▸ **Dataset entries**

>>>

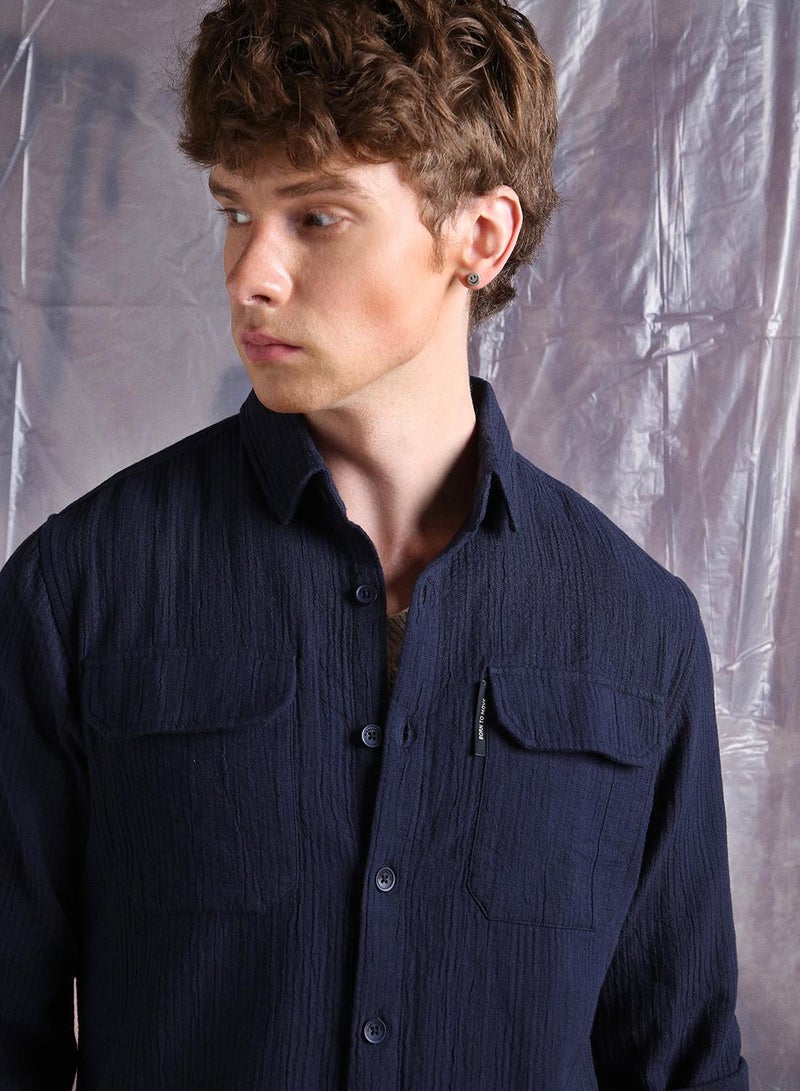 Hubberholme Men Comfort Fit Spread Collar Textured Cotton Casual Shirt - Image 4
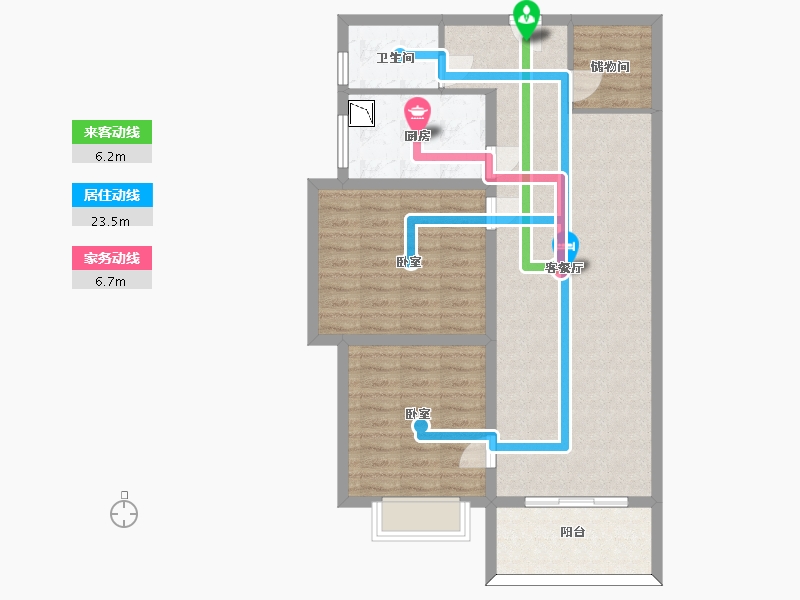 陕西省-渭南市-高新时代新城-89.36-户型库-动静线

<<<
>>>

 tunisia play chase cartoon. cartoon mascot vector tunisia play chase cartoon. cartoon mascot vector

<<<

▸ **Exercise requirements**
What you write out is the stretch of entries from the line containing "Hubberholme Men Comfort" to the line containing "陕西省-渭南市-高新时代新城-89.36-户型库-动静线", word for word, with both end lines and no pictures.

▸ **Output**
 Hubberholme Men Comfort Fit Spread Collar Textured Cotton Casual Shirt - Image 4
 陕西省-渭南市-高新时代新城-89.36-户型库-动静线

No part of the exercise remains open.